* Activity: Reproduce each line below precisely. Drop the pictures.

* Dataset excerpt:
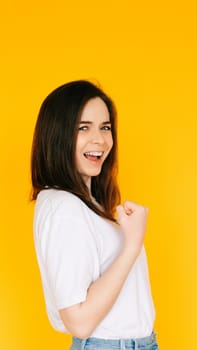 Victory Gesture: Enthusiastic Lady with Fist Raised in Triumph, Shouting in Excitement - Capturing Success, Achievement and Positive Energy Against a Yellow Background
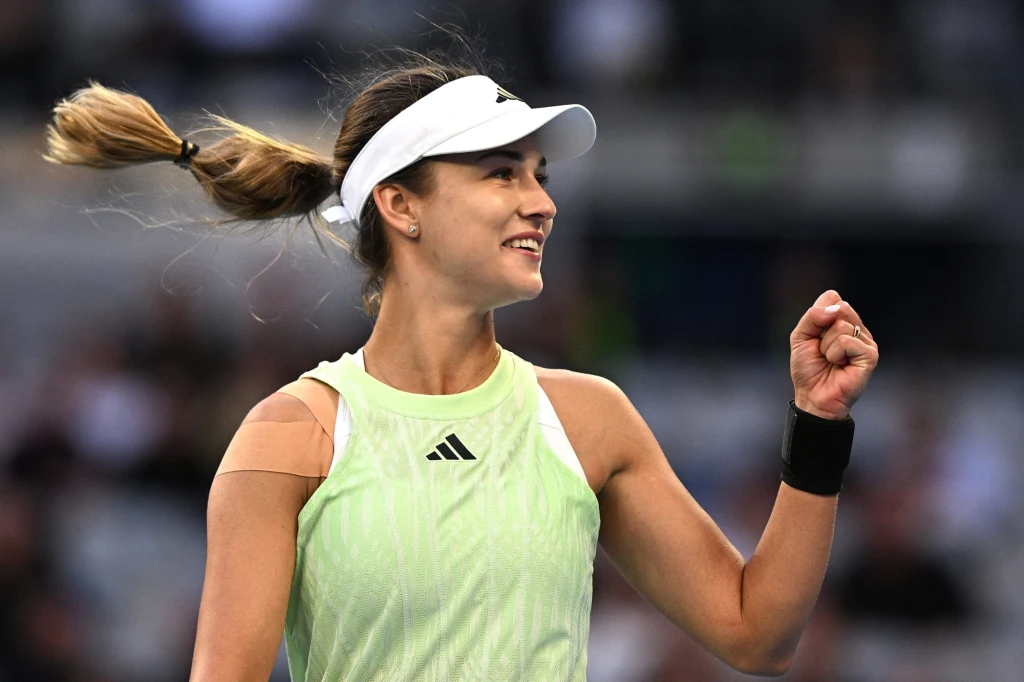 Tenisistka w jasnym stroju sportowym i białym daszku cieszy się po wygranym punkcie na korcie, unosząc zaciśniętą pięść w geście triumfu, w tle rozmyta publiczność.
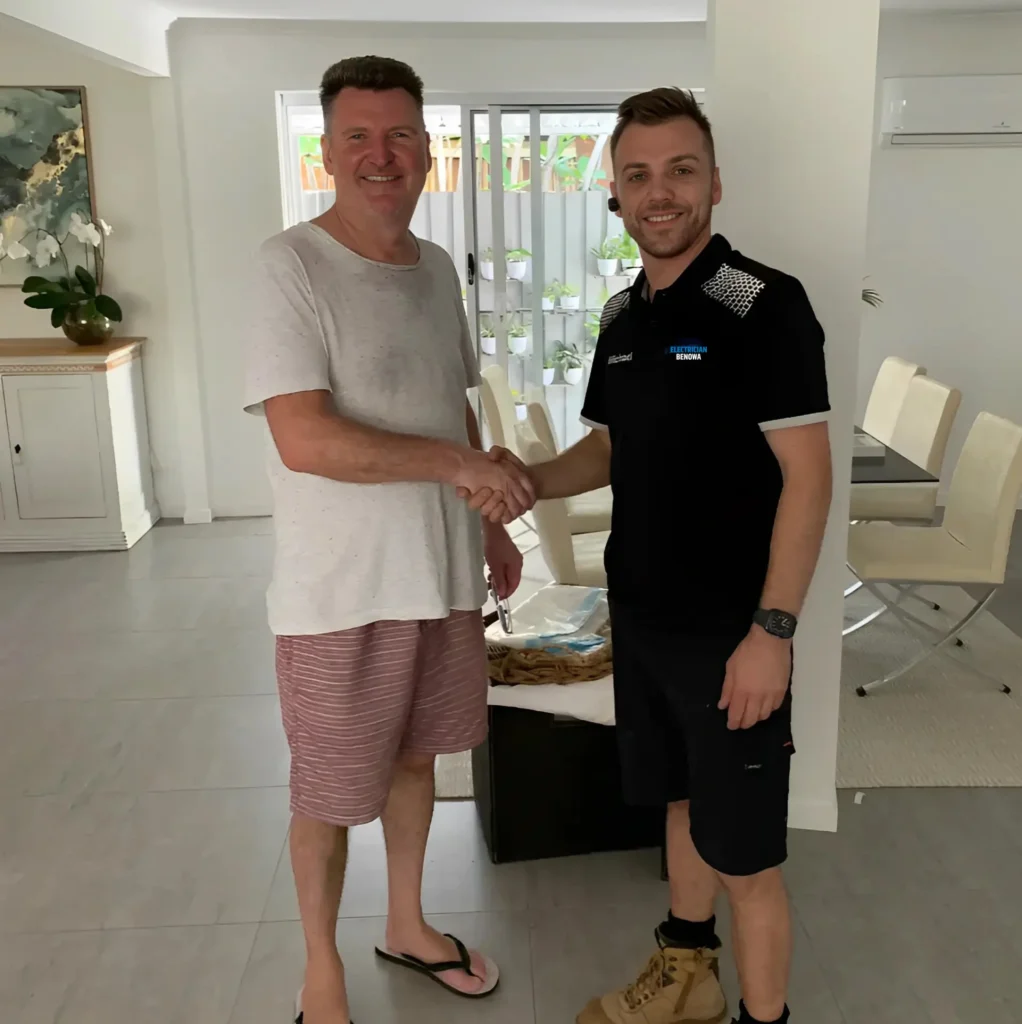 Two men shaking hands in a modern living room, one in casual clothes and the other in a uniform.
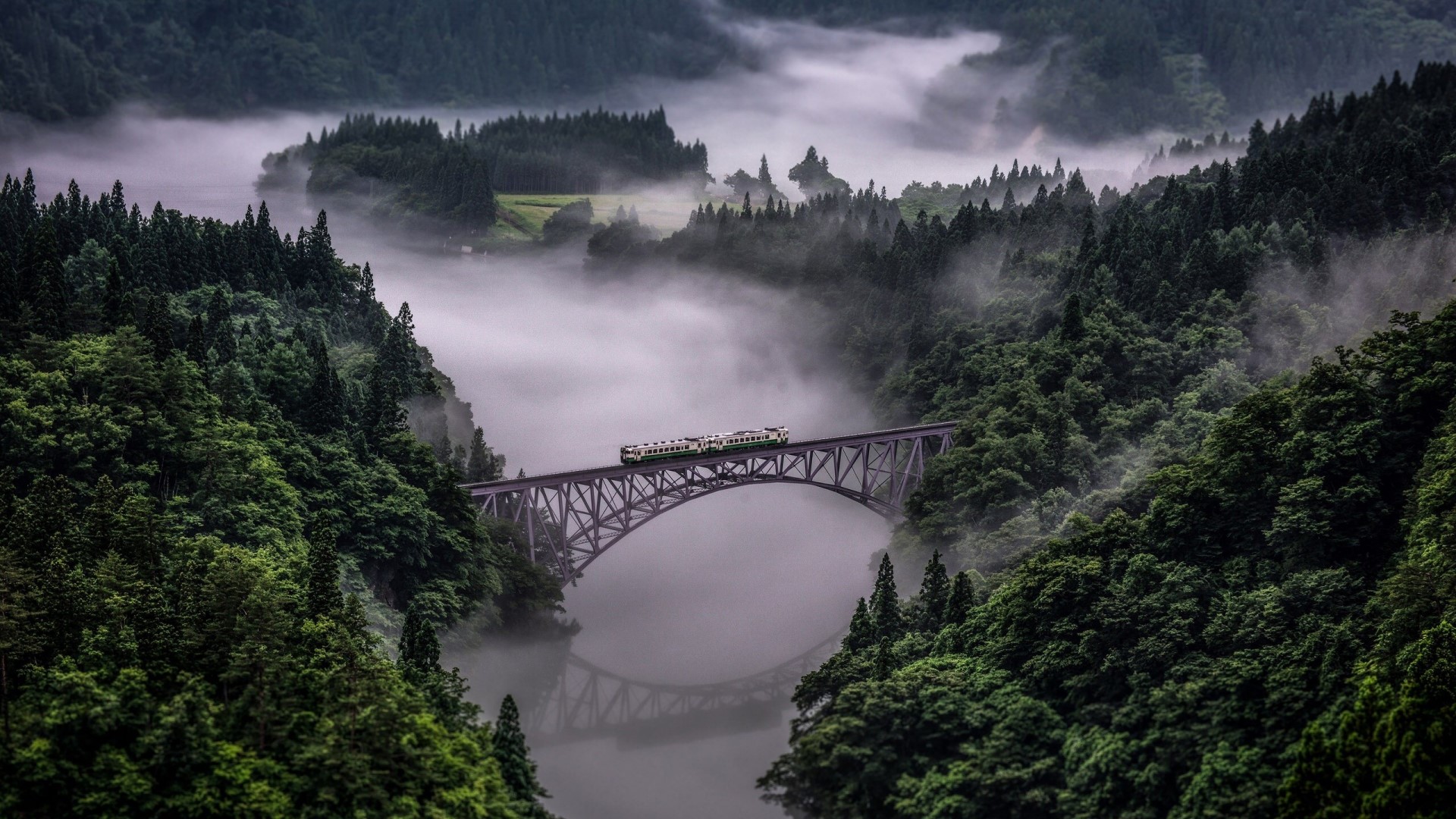 Train crossing a bridge in foggy mountains of Japan HD Wallpaper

* Solved exercise:
 Victory Gesture: Enthusiastic Lady with Fist Raised in Triumph, Shouting in Excitement - Capturing Success, Achievement and Positive Energy Against a Yellow Background
 Tenisistka w jasnym stroju sportowym i białym daszku cieszy się po wygranym punkcie na korcie, unosząc zaciśniętą pięść w geście triumfu, w tle rozmyta publiczność.
 Two men shaking hands in a modern living room, one in casual clothes and the other in a uniform.
 Train crossing a bridge in foggy mountains of Japan HD Wallpaper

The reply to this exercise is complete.